Ad essere prese di mira sono, in particolare, le pratiche delle “riammissioni senza formalità” e cioè «lo strumento con cui l’Italia prima ed a catena tutti gli altri Paesi europei sulla rotta balcanica respingono i richiedenti asilo in deroga alle convenzioni internazionali ed alle stesse leggi europee in materia di diritto d’asilo». In tal modo i migranti che riescono comunque ad attraversare il confine italiano «vengono consegnati alla polizia Slovena, poi a quella Croata ed infine respinti in Bosnia, abbandonati in tendopoli fatiscenti tra le montagne e sotto la neve».
“Conoscere per capire” è l’intenzione della notevole documentazione prodotta in questi anni dalla società civile organizzata.
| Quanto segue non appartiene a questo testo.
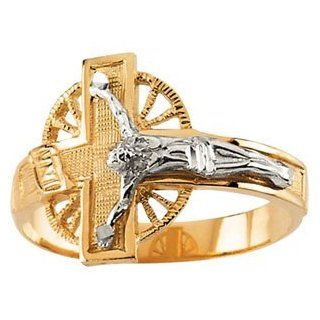 14K Yellow White Tt Gents Crucifix Ring CleverEve Jewelry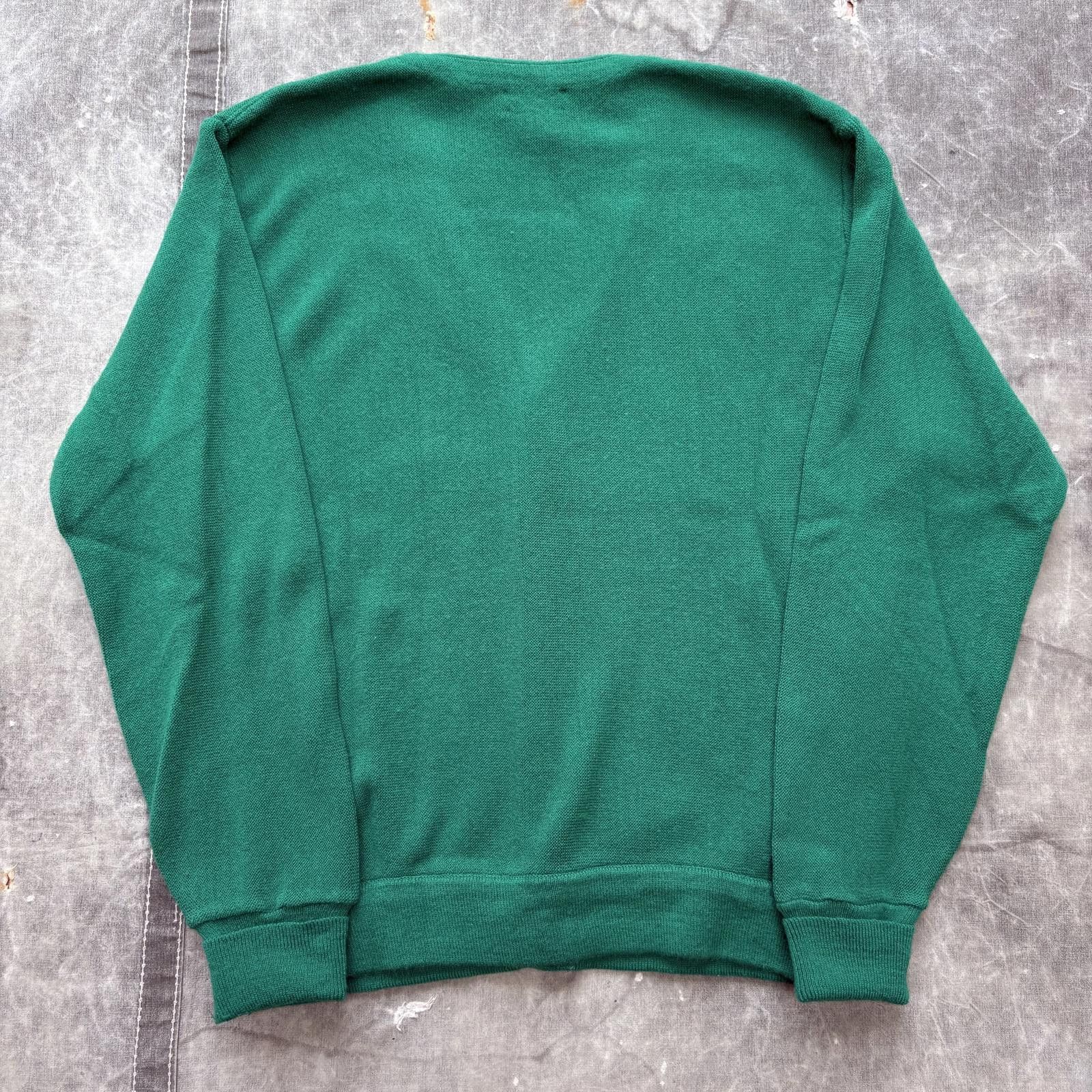 Izod Vintage 90s Izod Bright Green Grunge Knit Sweater Cardigan Size US L / EU 52-54 / 3 - 4 Thumbnail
Il “capire” presuppone la necessità di agire di conseguenza per cercare di rimuovere le cause delle gravi violazione dei diritti umani che si consumano sul nostro fronte orientale.
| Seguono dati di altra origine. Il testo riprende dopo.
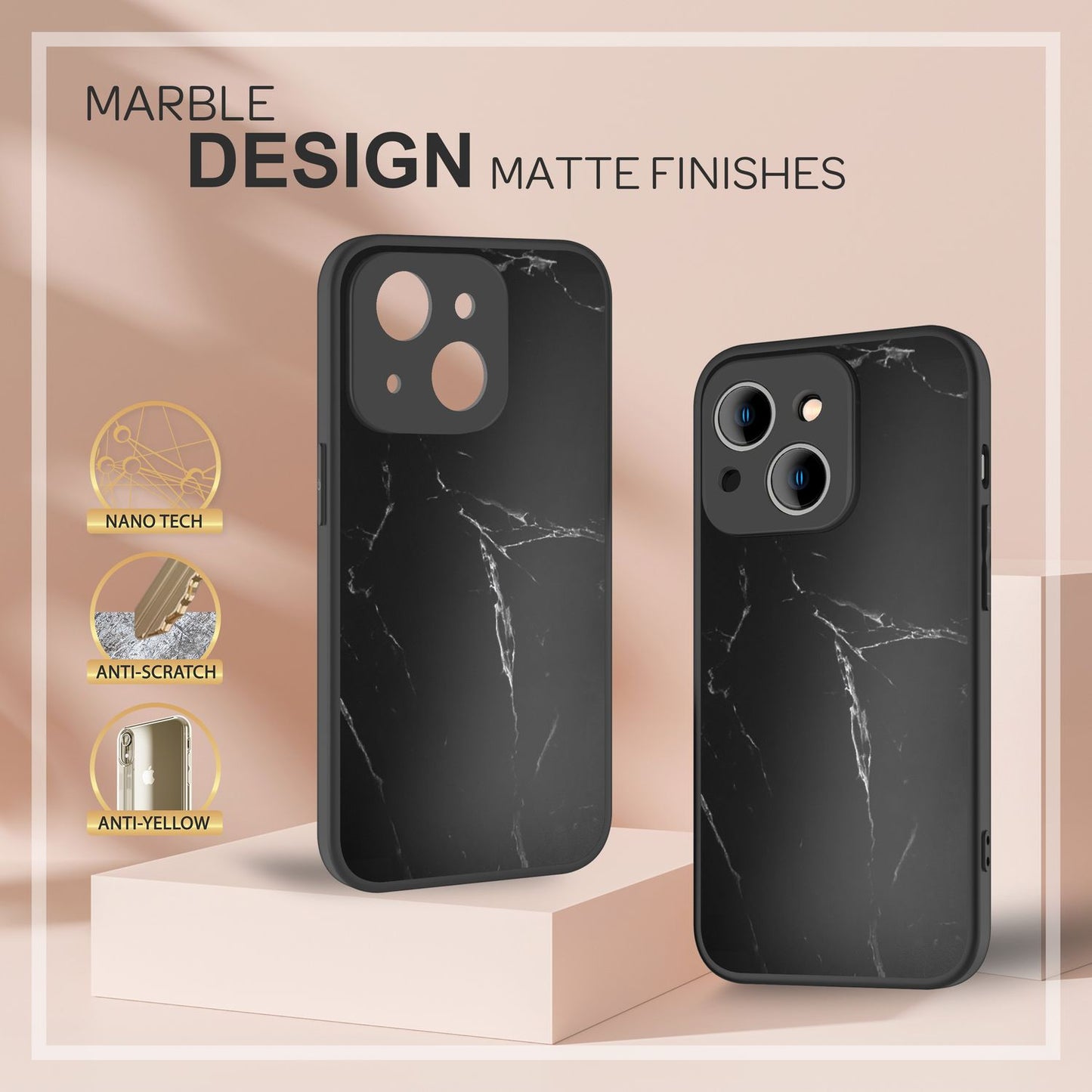 NALIA Marmor Glas Case für iPhone 14 Plus – Robustes 9H Echtglas – MARBELLE (Silikon Bumper & Grip) – Marke aus Berlin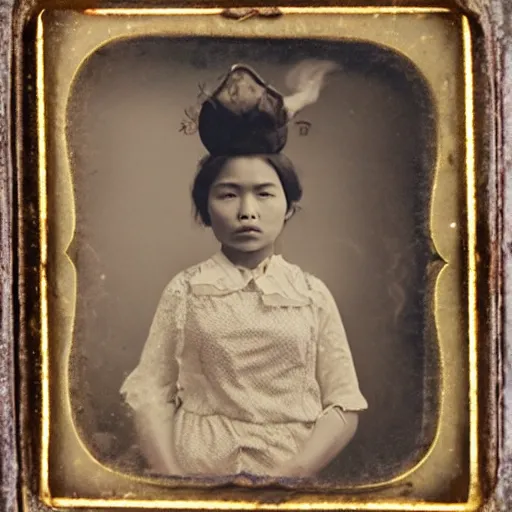 Image similar to Daguerreotype of a Filipino girl vaping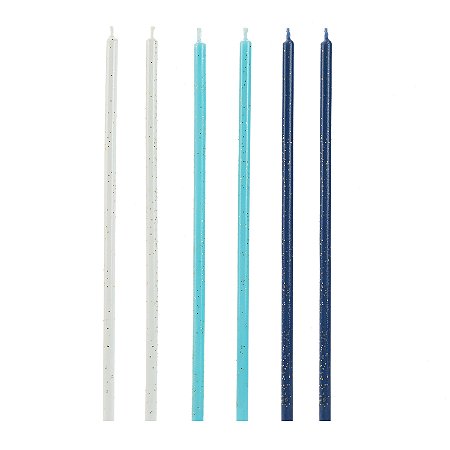 Vela palito azul e branca com glitter 15cm (06un)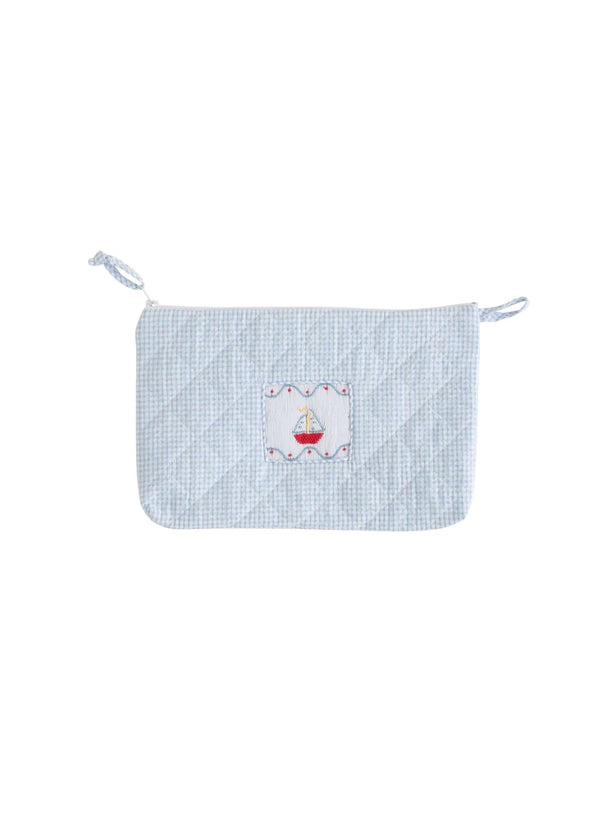 Diamond Quilted Cosmetic - Sailboat - Born Childrens Boutique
L’appello lanciato da Bartolo e altri entra perciò nel dettaglio rivolgendosi ai governi europei, tra i quali l’Italia, coinvolti nelle pratiche di respingimento illegali sul confine orientale perché «interrompano immediatamente ogni attività di questo tipo applicando la legislazione europea ed internazionale in materia di diritto d’asilo e tutela dei diritti umani».
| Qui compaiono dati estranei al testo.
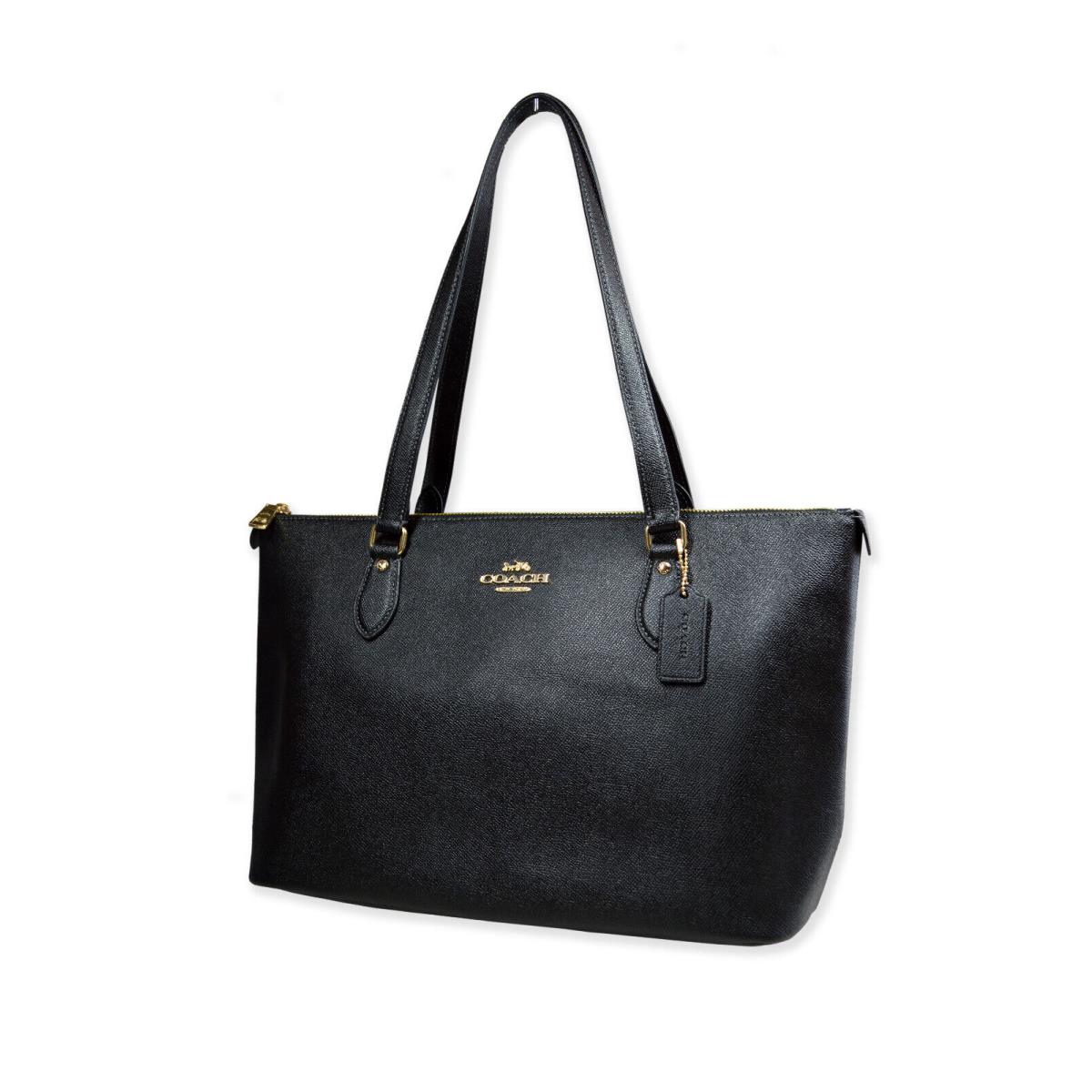 Coach Womens Black and Gold Signature Print Leather Gallery Tote Bag 8818-8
L’altra richiesta esplicita avanzata nell’istanza, che finora ha trovato poca attenzione sui media, è quella rivolta alla Commissione ed al Consiglio Europeo per istituire non solo una missione umanitaria europea di soccorso ma di predisporre «un piano straordinario per l’accoglienza che preveda una distribuzione tra tutti Paesi membri delle persone che arrivano in Europa». Si tocca così uno dei nodi irrisolti della politica europea che mettono in pericolo la stabilità dei governi assieme alla convinzione implicita che ogni apertura verso una politica di accoglienza verrebbe colto come un segnale di attrazione per altri migranti in fuga, con l’effetto di far crescere il consenso delle forze nazionaliste che agitano la questione migratoria come un pericolo di invasione incontrollata.
Si intuisce, perciò, la situazione attuale di stallo pur davanti ad un’umanità in pericolo e a soluzioni politiche ancor più difficili da prendere nel pieno degli effetti sociali ed economici, oltre che sanitari, della pandemia da Covid 19.
Eppure, come ribadiscono i firmatari dell’appello, è proprio questo il momento per adempiere al «dovere morale prima ancora che legale di accogliere queste persone, di far valere le leggi che noi stessi abbiamo scritto nelle nostre costituzioni per proteggere chi fugge da guerra, persecuzioni e trattamenti inumani».
A partire da questa istanza esigente, che chiama in gioco la responsabilità politica e il legame di fraternità tra gli esseri umani, che nasce l’iniziativa (Europa e rotta balcanica, fermare il disastro umanitario) promossa il 5 gennaio da Città Nuova, assieme al Movimento politico per l’unità, per ascoltare la testimonianza diretta di chi opera da decenni su tale terra di confine e di coloro che hanno deciso di non restare indifferenti e di cercare una soluzione secondo giustizia e umanità.